La porte se referma et Romaric sauta sur son lit
pour plonger sous sa couette. Epuisé par tant d'émotions, il s'endormit
aussitôt.
Le samedi, Romaric et ses copains se réunirent
au cimetière.
– Le père Noël était très content de moi, raconta Romaric à ses amis.
Il m'a promis un stage de conducteur de traîneau durant les vacances de
Pâques. Et il m'a offert ceci pour me récompenser.
Romaric sortit de sa poche quatre cristaux de
glace.
– Il y en a un pour chacun de vous, dit-il en les distribuant. Ils ne
fondent jamais et ils brillent même dans l'obscurité. Vous devrez les
ranger dans un lieu secret, n'oubliez pas.
Emerveillés, les enfants contemplaient les
cristaux qui lançaient des étincelles bleutées au creux de leur main.
– Comment va ta mère ? demanda Clara.
– Papa a dit qu'elle devait arrêter de prendre de la tisane avant de se
coucher parce que ça lui donne des hallucinations. Elle prétendait
avoir vu, sur le palier, un lutin qui lui tirait la langue.
– Et c'est impossible parce que les lutins sont très bien élevés, dit
Kévin d'un air sérieux.
Les enfants se mirent à rire puis Clara regarda
le cristal dans sa main.
– Tu nous offres un cadeau alors que tu n'auras pas de jouets, dit
Clara. Ce n'est pas juste.
– Tant pis, dit Romaric. Je me rattraperai l'année prochaine. Il faut
que je vous laisse parce que j'ai pas mal de devoirs en retard. A
bientôt !
"A bientôt, Romaric !"
Les quatre amis se séparèrent et Romaric rentra
tranquillement chez lui. Alors qu'il approchait de la maison, il
aperçut son grand-père qui semblait l'attendre sur le trottoir.

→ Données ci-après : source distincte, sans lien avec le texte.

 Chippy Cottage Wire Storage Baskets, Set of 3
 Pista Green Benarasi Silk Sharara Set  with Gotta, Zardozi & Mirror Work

– J'ai discuté avec tes parents, dit-il à son petit-fils. Et j'ai tout
arrangé pour Noël.
Romaric lui sauta au cou et écrasa un gros
baiser sur sa joue.
– Comment as-tu fait, grand-papa ?
– Je me suis débrouillé et puis je crois qu'ils regrettaient d'avoir
été aussi durs avec toi. Pourtant ils disent que tu n'avais pas l'air
contrarié à l'idée d'être privé de cadeau ?
- Euh... Parce que je sais qu'ils avaient raison, grand-papa. J'avais
fait des bêtises.
- Comme tu es raisonnable ! Serais-tu en train de grandir ? A moins que
ce ne soit à cause de Pillo et Yoyo ? Qu'en dis-tu ?
Romaric crut d'abord avoir mal entendu mais son
grand-père lui décocha un clin d'oeil appuyé qui ne laissait aucun
doute.
– Grand-papa, tu veux dire que...
– Que les lutins m'ont rendu une petite visite la nuit dernière. Mais
cela restera entre nous, promis ?
– Oh oui, grand-papa !
– Allez, rentrons ! dit le grand-père en prenant la main de son
petit-fils. Sinon tes parents vont croire que nous complotons tous les
deux.
– On ne complote pas du tout, n'est ce pas grand-papa ?
– Bien sûr que non. Mais il faudra que tu me parles des soldats de bois
que tu as prêtés à Pillo et Yoyo ?
– D'accord, grand-papa. Dès qu'on sera dans ma chambre,
je te raconterai tout depuis le début.